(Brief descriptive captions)
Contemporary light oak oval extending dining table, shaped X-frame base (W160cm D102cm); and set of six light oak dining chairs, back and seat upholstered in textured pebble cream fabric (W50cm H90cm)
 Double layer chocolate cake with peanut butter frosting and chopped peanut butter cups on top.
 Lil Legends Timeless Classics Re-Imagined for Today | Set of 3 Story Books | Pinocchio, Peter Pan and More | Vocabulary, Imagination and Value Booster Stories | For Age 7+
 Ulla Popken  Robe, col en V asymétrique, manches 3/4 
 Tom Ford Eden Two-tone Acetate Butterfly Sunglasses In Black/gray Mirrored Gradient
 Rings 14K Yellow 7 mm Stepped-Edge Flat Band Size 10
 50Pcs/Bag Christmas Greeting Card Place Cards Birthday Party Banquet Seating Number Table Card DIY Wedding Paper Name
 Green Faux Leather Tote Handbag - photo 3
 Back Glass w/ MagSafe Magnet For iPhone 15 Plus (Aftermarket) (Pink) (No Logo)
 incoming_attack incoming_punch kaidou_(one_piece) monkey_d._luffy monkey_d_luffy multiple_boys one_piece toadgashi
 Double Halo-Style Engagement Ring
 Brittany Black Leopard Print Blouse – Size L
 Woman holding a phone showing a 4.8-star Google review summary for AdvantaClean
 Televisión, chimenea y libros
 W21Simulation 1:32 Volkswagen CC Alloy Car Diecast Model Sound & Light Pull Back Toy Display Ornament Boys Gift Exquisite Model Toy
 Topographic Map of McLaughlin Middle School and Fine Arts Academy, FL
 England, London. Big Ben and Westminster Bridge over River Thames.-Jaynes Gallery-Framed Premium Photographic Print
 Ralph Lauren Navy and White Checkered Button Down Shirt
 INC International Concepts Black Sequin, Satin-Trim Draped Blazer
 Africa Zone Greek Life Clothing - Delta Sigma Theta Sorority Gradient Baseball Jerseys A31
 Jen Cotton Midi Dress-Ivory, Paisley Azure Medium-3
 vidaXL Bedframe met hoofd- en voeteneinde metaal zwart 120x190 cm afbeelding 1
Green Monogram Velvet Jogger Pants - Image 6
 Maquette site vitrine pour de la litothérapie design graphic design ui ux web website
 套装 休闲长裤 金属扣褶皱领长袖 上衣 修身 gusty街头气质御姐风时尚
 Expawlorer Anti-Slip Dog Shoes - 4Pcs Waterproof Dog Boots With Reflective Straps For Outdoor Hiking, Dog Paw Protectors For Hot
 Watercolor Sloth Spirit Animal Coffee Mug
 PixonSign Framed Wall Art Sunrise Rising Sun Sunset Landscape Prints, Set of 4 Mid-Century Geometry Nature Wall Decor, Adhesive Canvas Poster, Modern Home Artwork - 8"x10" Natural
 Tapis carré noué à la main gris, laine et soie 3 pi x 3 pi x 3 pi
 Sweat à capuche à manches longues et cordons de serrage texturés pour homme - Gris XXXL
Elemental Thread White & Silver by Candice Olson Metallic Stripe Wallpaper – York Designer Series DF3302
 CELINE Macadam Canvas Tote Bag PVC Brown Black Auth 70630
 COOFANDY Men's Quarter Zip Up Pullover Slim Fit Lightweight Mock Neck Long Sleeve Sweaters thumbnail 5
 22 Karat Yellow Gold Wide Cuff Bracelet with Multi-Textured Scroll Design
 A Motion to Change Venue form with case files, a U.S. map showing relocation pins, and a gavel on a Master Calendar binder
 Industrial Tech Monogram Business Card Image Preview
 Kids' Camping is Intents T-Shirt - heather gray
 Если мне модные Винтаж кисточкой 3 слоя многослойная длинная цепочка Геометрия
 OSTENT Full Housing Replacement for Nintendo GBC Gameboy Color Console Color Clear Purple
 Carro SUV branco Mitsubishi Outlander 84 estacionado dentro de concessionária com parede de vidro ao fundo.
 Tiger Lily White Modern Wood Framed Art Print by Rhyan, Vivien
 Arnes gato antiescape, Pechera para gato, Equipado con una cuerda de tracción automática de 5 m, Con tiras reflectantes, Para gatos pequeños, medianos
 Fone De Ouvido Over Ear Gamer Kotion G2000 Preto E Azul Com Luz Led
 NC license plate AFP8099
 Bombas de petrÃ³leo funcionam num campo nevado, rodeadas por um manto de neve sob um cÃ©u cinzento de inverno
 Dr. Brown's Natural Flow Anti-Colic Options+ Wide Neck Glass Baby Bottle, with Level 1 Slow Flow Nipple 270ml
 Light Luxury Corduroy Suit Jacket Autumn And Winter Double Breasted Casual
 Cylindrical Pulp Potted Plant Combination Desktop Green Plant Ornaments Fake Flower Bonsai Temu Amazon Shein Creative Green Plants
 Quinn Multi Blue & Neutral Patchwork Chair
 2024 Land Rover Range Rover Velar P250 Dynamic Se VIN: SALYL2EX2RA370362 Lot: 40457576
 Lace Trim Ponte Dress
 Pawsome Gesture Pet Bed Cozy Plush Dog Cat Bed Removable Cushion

Problem to solve: Nothing beyond the line containing "Back Glass w/" is to be output; the lines above, from the first one onward to that line, are to be transcribed exactly.

Exercise output:
Contemporary light oak oval extending dining table, shaped X-frame base (W160cm D102cm); and set of six light oak dining chairs, back and seat upholstered in textured pebble cream fabric (W50cm H90cm)
 Double layer chocolate cake with peanut butter frosting and chopped peanut butter cups on top.
 Lil Legends Timeless Classics Re-Imagined for Today | Set of 3 Story Books | Pinocchio, Peter Pan and More | Vocabulary, Imagination and Value Booster Stories | For Age 7+
 Ulla Popken  Robe, col en V asymétrique, manches 3/4 
 Tom Ford Eden Two-tone Acetate Butterfly Sunglasses In Black/gray Mirrored Gradient
 Rings 14K Yellow 7 mm Stepped-Edge Flat Band Size 10
 50Pcs/Bag Christmas Greeting Card Place Cards Birthday Party Banquet Seating Number Table Card DIY Wedding Paper Name
 Green Faux Leather Tote Handbag - photo 3
 Back Glass w/ MagSafe Magnet For iPhone 15 Plus (Aftermarket) (Pink) (No Logo)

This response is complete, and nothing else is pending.